A sexless or nearly-sexless marriage are terms often used to describe when married couples might only have sex a few times a year or even on a “quarterly basis” (and this could mean anything from foreplay to penetration). Nothing wrong with that if it works for you, but for some couples, at least one person in the relationship may secretly wonder if everything is alright.
If you happen to know anyone who experiences this, it’s important to understand that it’s actually more common than we realise and to be aware of the many reasons this could happen. It could be due to a person’s upbringing, a bad first few experiences, religion and family planning issues, or demands that come with raising a family and career. Sociology associate professor Denise A. Donnelly from Georgia State University studied sexless marriages. Through her research, she found that many individuals in a sexless marriage could also be dealing with guilt, issues with the human body, or feel that sex is “dirty” or only for procreation.
The New York Times Bestselling Author, Dr Kevin Leman, who wrote Sheet Music, shares in his book that “A fulfilling sex life is one of the most powerful marital glues a couple can have. If your husband is sexually fulfilled, he’ll do anything for you. He’ll take a bullet, he’ll race a train, and he’ll do whatever it takes to make sure you are okay.”

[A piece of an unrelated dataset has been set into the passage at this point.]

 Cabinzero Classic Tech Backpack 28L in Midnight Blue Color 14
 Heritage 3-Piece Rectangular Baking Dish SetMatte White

To the men, Dr Leman says that when a woman knows that her husband views sex as a special gift to give to her and if her husband will learn to become a selfless, sensitive and competent lover, it has the power to get a woman fired up and ready for some hot action!
Since we know sex is a crucial part of marriage…
How can I understand my partner better when it comes to sex?
Sometimes the first step towards understanding what someone truly needs, is by first understanding where they are coming from and empathising with them. For women, the greatest deterrent of sex is weariness. An estimated 24 million American women say they don’t have time, are too exhausted, or just aren’t in the mood for sex…” reveals Dr Leman. Doing it “later” can soon become “never”.
On the other hand, for men, the greatest deterrent of sex isn’t exhaustion, but a lack of imagination on his wife’s part. Men also need to feel pursued. If his partner isn’t able to communicate how much she wants to be with him, he tends to lose interest. The challenge for a woman is to find time and energy to constantly pursue her husband.
What then can couples do to improve their sex lives?
Protect your schedule.
Make time for each other and for sex. If you already know you’re going to feel tired by 9pm, then bring your schedule earlier so you’ll finish dinner, doing the dishes, and sending the kids to bed by 8pm. That leaves you with a good hour to ease into playtime with your partner in bed. Sometimes this might even require cutting down on your To Do list throughout the day just to reserve energy and time. Try setting aside a day of the week till it making time becomes a regular thing. This naturally gives both of you something to look forward to, without the need to justify this allocation of time.
Do nothing, together.
For couples who haven’t really been in action for awhile, or those who don’t have a habit of sharing their feelings, this is a slow and safe start. For anyone who’s primary Love Language is Quality Time, this would be extra meaningful for that person too. Dr Snyder recommends just slowing down and spend time in each other’s presence without any distractions. This means giving yourselves the permission to sit quietly and bask in the moment together – appreciate each other’s gaze, hold hands perhaps, and just be physically present with each other but without any expectations for sex.
“We often get so wrapped up in our emotions that we lose sight of the simple elements of the experience — our breathing, the sensation of our bodies against the mattress, the temperature in the room…” he says.
“If this does lead to feelings of arousal – even if its just psychological arousal (which he describes as a “hypnotic, dumb-and-happy feeling that makes you resent if the phone rings”), just enjoy it for its own sake. Arousal isn’t all-or-none. Sometimes it can be rather subtle – a private, inward thing,” Dr. Snyder explains.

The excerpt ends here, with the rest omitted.